Lástima que nuestro satélite haya ignorado la advertencia del poeta granadino, porque no son propiamente gitanos quienes llegan ahora para hacer de su corazón “collares y anillos blancos” sino industriales y generales en busca de recursos naturales y atalayas estratégicas para sus guerras futuras.
Lo primero, porque de ser cierta la teoría de que la Luna resultó de una colisión de la Tierra con otro planeta que le arrancó un fragmento tan romántico, debería albergar idéntica riqueza mineral. E incluso más. Porque, como Borges escribió alguna vez, “la luna de las noches no es la luna que vio el primer Adán” y permanece aún prácticamente virgen, a excepción de las rocas que de allá trajeron unos pocos astronautas.
Eso y vastas masas de agua congelada, además de la energía que acumula del sol, la convierten en un manjar para la codicia, a condición de resolver el pequeño detalle de su trasporte hacia nuestro planeta o la implantación de colonias humanas en un ambiente sin atmósfera y variaciones climáticas extremas.
Pero sobre todo, el hombre, que desde los albores de la civilización prefirió, antes que colaborar con el vecino, fastidiar su existencia, tiene claro que desde allá arriba podría dominar mejor acá abajo, utilizando la energía solar para, literalmente, disolver a sus enemigos terráqueos. O escondiendo armas nucleares, a fin de proteger las instalaciones mineras y las plantas industriales que en un futuro no lejano arruinarán a la pobre luna con la saña que ya conoció este valle de lágrimas.
China es un protagonista de la competencia, con el proyecto Lanyue –por Abrazando la Luna, de intención geopolítica y tintes poéticos, pues aparece en un poema del chairman Mao- para sembrar una pareja de astronautas y un vehículo en la erosionada superficie al horizonte de 2030, mediante el cohete Larga Marcha 10 de 26 toneladas.
En rivalidad, por supuesto, con los Estados Unidos, que opera bajo un esquema novedoso de cooperación estatal y privada, cuyo primer intento, el Peregrine Lunar Lander se saldó en enero con un fracaso por una fuga de carburante que obligó a suspender la travesía y hundirlo en el océano Pacífico.

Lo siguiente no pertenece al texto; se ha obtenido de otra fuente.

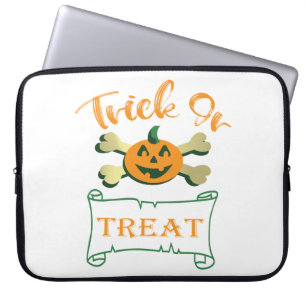 Trick or treat crossbones Halloween pumpkin Laptop Sleeve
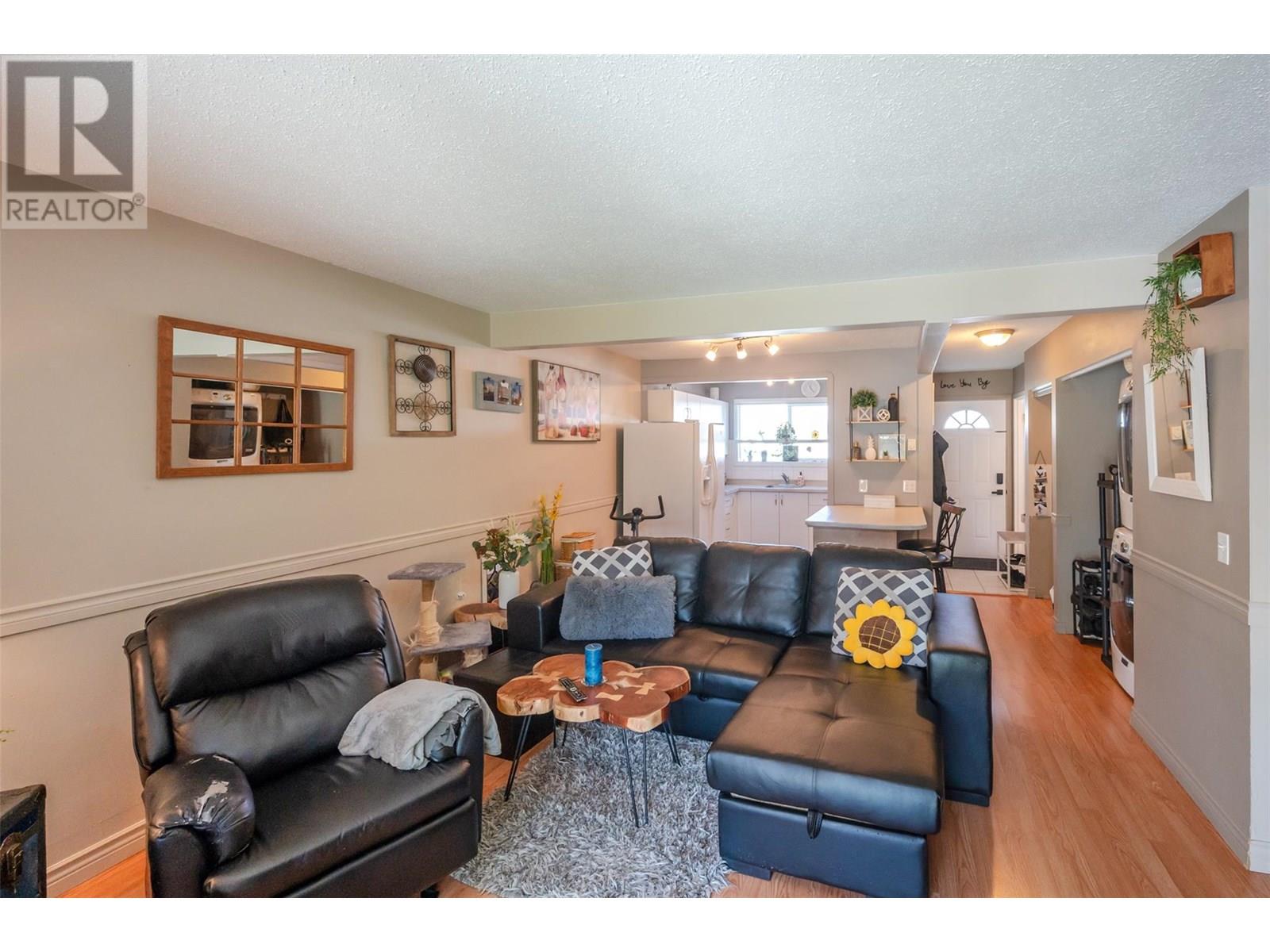 54 3099 South Main Street, Penticton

Construido por la empresa Astrobotic Technology, su objetivo era implantar el primer artefacto, desde el módulo tripulado Apollo 17 en 1972, con cargas ligeras de hasta 100 kilogramos, en un cambio de filosofía de la NASA para abaratar costos y compartir el esfuerzo con empresas como Blue Origin y United Launch Alliance, que no tardará en ser emulado por la Agencia Espacial Europea.
Bien lejos están los tiempos de la Guerra Fría, cuando Washington y Moscú se enfrascaron en una febril y altamente publicitada carrera cósmica tras el vuelo de Gagarin, porque además de China, también la India, Irán, Israel y los Emiratos Arabes Unidos pujan por ingresar al selecto club de las potencias espaciales y compartir la explotación industrial de nuestro satélite.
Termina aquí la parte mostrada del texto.